According to an embodiment of the present disclosure, a triggering event may be when the IMU sensor 216 (FIG. 5) i.e. an accelerometer detects no movement for a predetermined amount of time, e.g., 15 minutes, and/or after a predetermined amount of time has passed since the last triggering event occurred. One of ordinary skill in the art will appreciate that other triggering events may be used depending on, for example the user's preferences, type of tool, etc. Upon the occurrence of a triggering event, the location module 210 and the cellular modem 214 turn on to determine the location of the tool 100. The cellular modem 214 attempts to use A-GPS to acquire satellite locations in order to improve Time-To-First-Fix (TTFF). The location module 210 then interprets satellite signals from GPS technologies as discussed above to determine the latitude and longitude coordinates. While the cellular modem 214 is acquiring satellite locations via A-GPS, the cellular modem 214 may also be checking the Tower Atlas to determine if nearby cell tower locations are known. Multilateration of cell towers may then be used to improve accuracy of the determined location. After a set amount of time, e.g., 2 minutes, the sequence for determining the tool's location is repeated in an attempt to improve the accuracy of the determined location.
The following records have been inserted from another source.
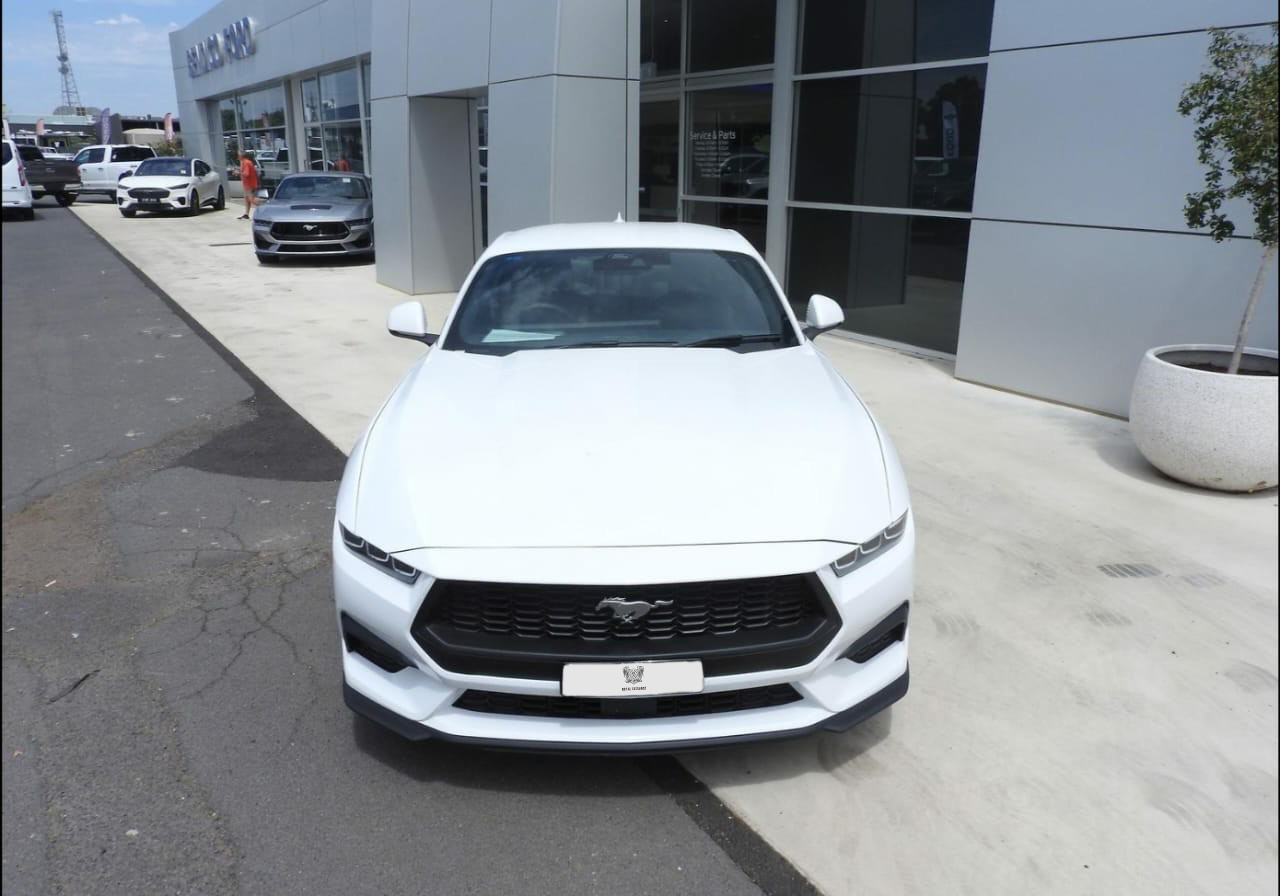 MUSTANG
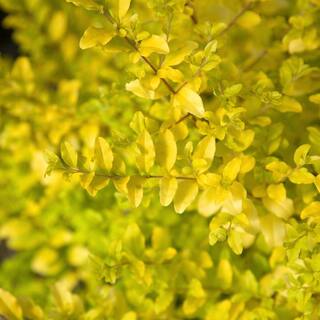 SOUTHERN LIVING 2 Gal. Sunshine Privet Ligustrum Evergreen Shrub Golden-Yellow Foliage 39532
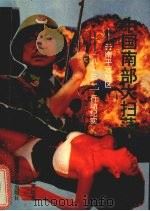 中国南部大扫荡 云南平远地区“8.31”行动纪实 1993 PDF电子版封面 7537113335 谭其运著
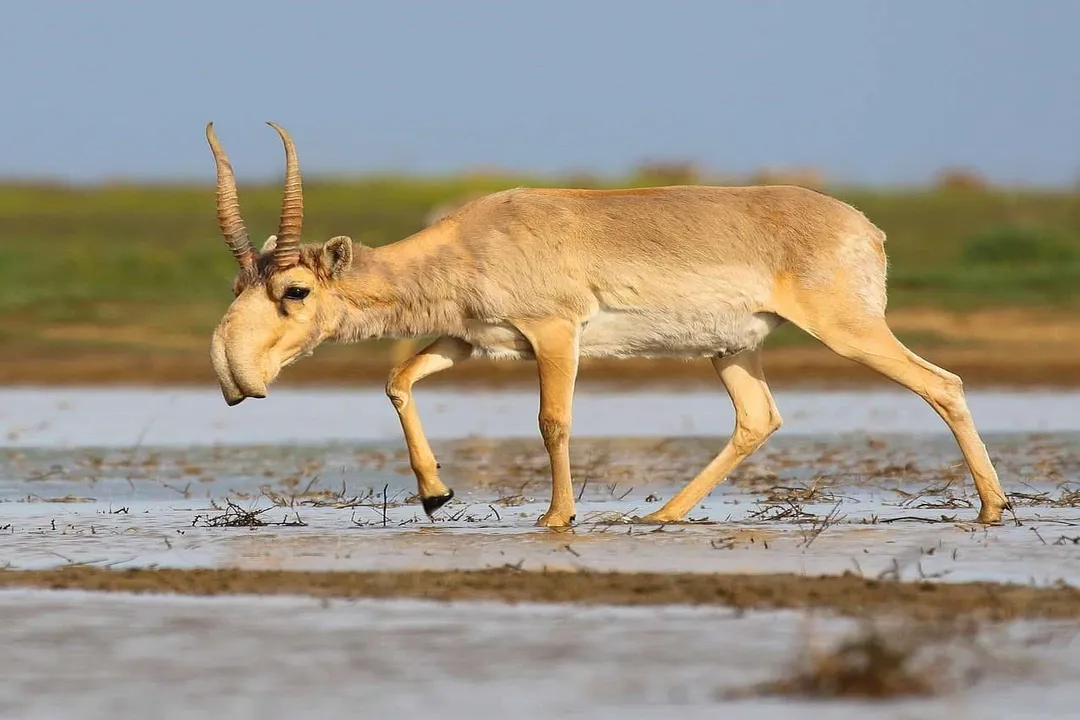 What are the subspecies of saiga?, Species Taxonomy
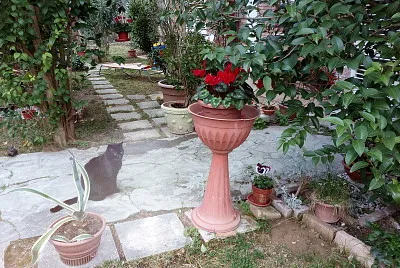 giardino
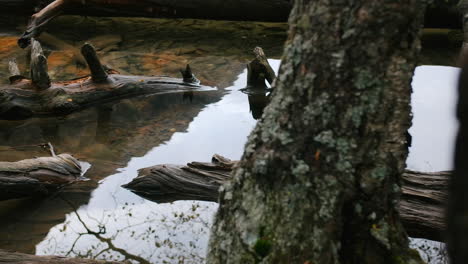 driftwood and reflections in a shallow stream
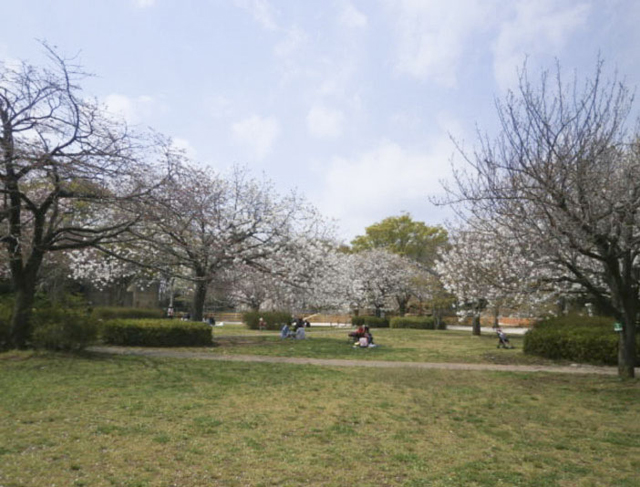 千葉市動物公園2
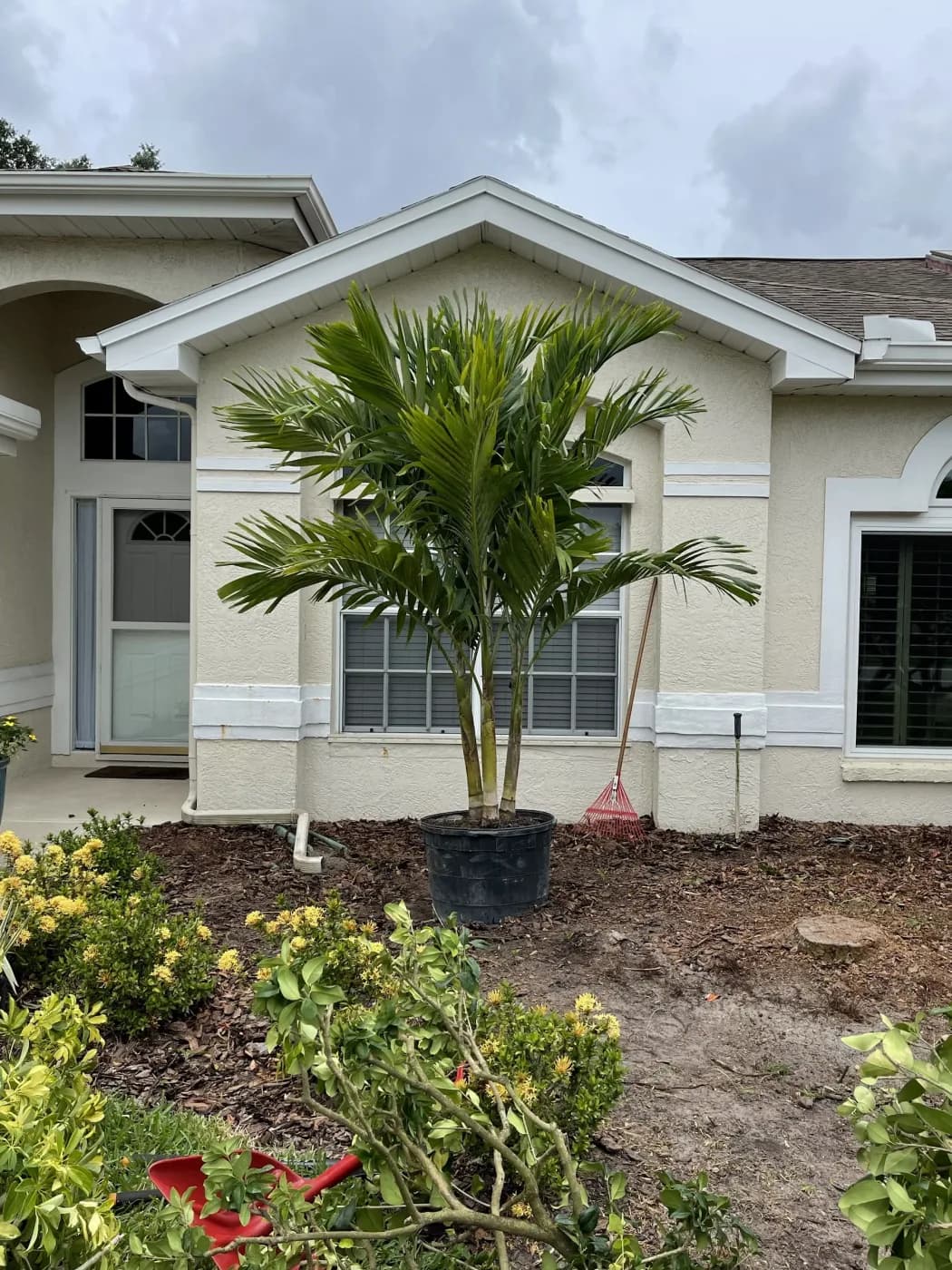 Newly planted potted palm in a fresh mulch bed at a front entry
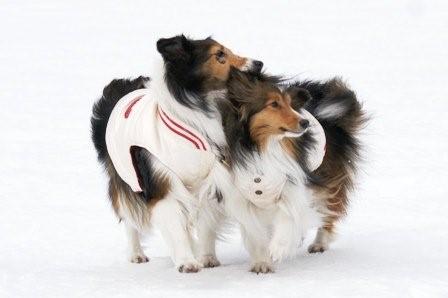 2009030733 寄り添えば暖かい? ってことでもないね.jpg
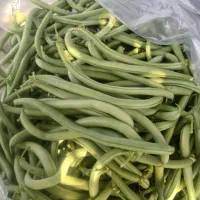 لوبیا سبز ترو تازه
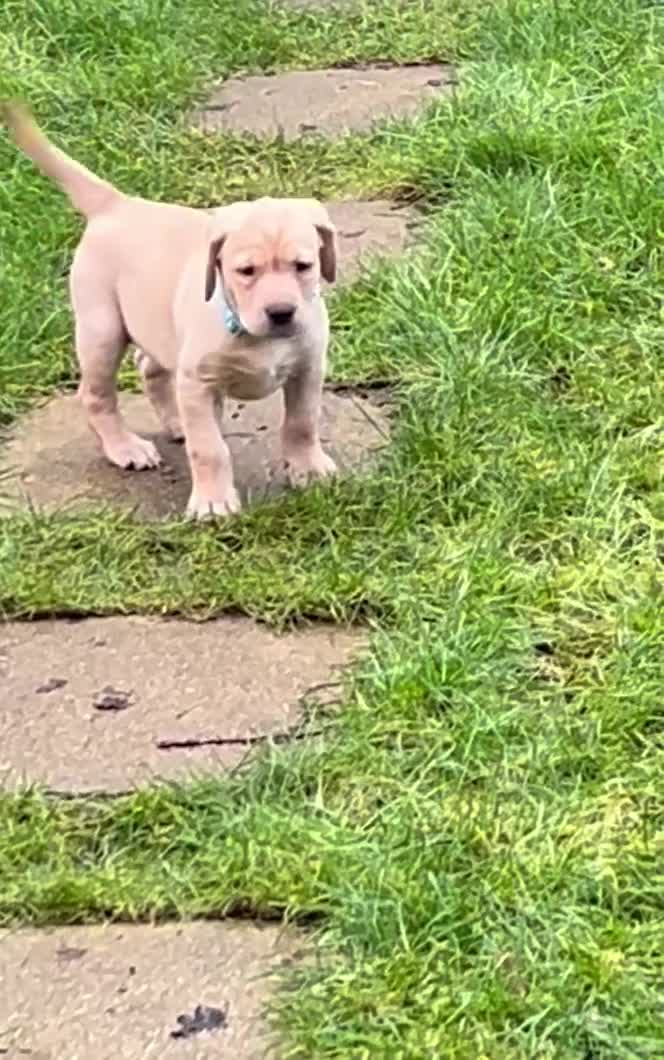 Labrador Retriever dogs for sale: KC registered Labrador Retriever puppies  - Video 3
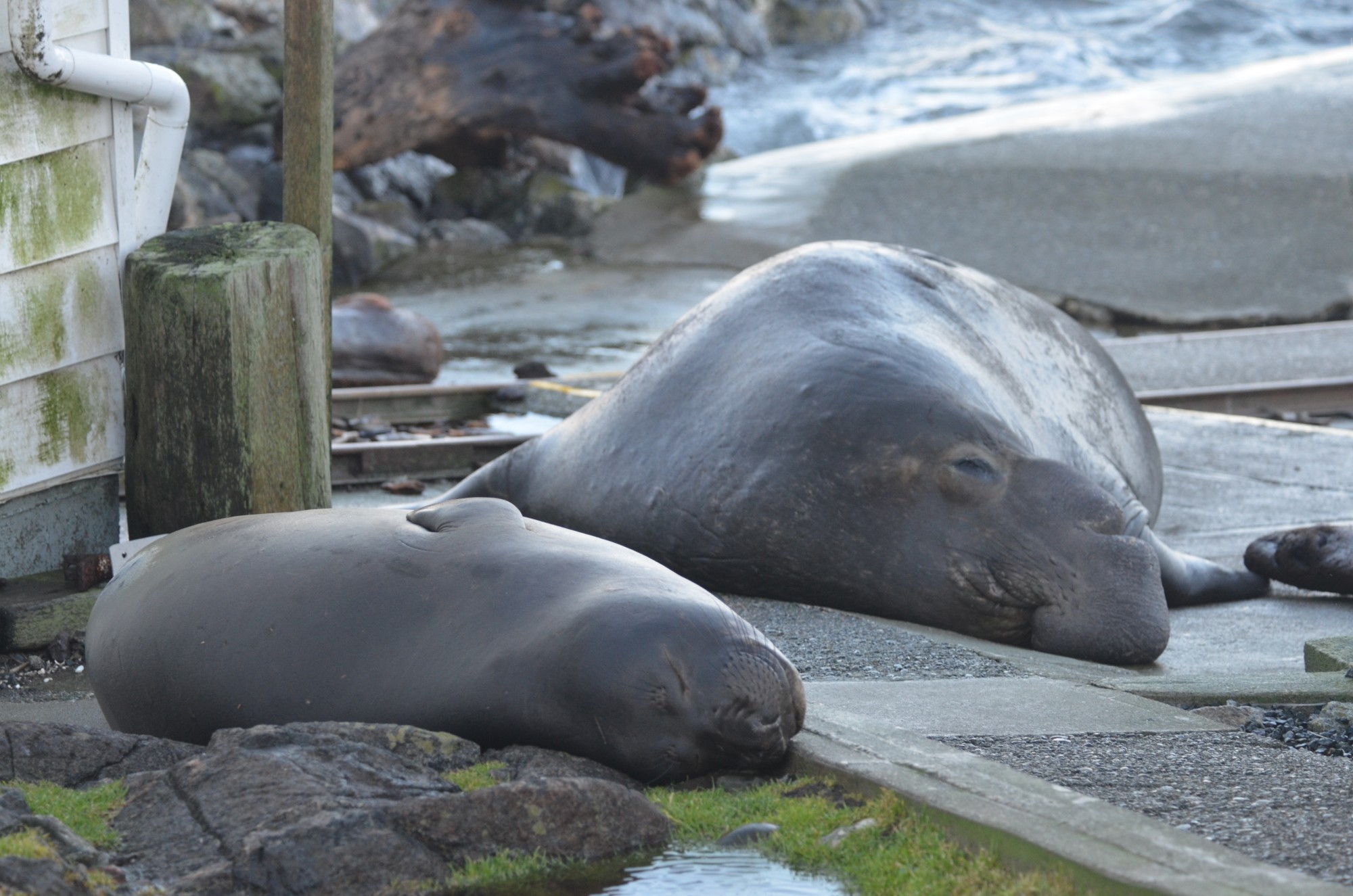 Male and Female Elephant seal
The cellular modem 214 may then transmit the location, date/time, and a value representing the remaining charge on the internal battery to the cloud computing system 12 and database 14.

According to another exemplary embodiment, the IMU sensor 216, e.g., an accelerometer, may be used to determine whether the tool 100 is moving, i.e., being moved, or stationary. If stationary, the components, e.g., transceivers and processors, are allowed to sleep or power down, or extend wake intervals, to conserve power, and the communication controller 200 can periodically emit a transmission to its paired mobile computing devices 20 using the Bluetooth Low Energy (BLE) transceiver or other known technique and/or emit a transmission to its database 14 using LPWAN.

As described herein, the tool 100 according to the present disclosure is capable of communicating with multiple mobile computing devices 20 via, for example, Bluetooth or Wi-Fi technology to receive system information from the tool 100, such as GPS location of the tool and/or crimp history associated with the tool 100. It is noted that the tool 100 of the present disclosure contemplates using other RF technologies for communication, including sub-gigahertz technologies and radios. The communication controller 200 may also be configured to connect to a mobile computing device 20 and upload system information to the mobile computing device 20 via a mobile app over Bluetooth.

As shown throughout the drawings, like reference numerals designate like or corresponding parts. While exemplary embodiments of the present disclosure have been described and illustrated above, it should be understood that these are exemplary of the disclosure and are not to be considered limiting. Additions, deletions, substitutions, and other modifications can be made without departing from the spirit of the present disclosure. Accordingly, the present disclosure is not to be considered as limiting by the foregoing description.

Claims

1. A tool tracking system comprising: a location module, configured to receive location information used to determine a tool's location;a communication controller configured to communicate with at least one of a mobile computing device and a cloud-based computing system; andwherein upon a triggering event, the communication controller transmits at least one of the received location information and the tool's location to the at least one mobile computing device and the cloud-based computing system.

2. The tool tracking system according to claim 1, wherein the communication controller further comprises a user input configured upon activation to transmit system information from a tool to a cloud-based computing system.

3. The tool tracking system according to claim 1, wherein the communication controller further comprises a motion sensor configured to detect whether a tool is stationary or non-stationary.

4. The tool tracking system according to claim 3, wherein the motion sensor is an accelerometer.

5. The tool tracking system according to claim 1, wherein the communication controller further comprises a rechargeable battery configured to provide power to the communication controller in the absence of another power source.

6. The tool tracking system according to claim 1, wherein the short-range communication module is configured to employ a Bluetooth Low Energy communications protocol.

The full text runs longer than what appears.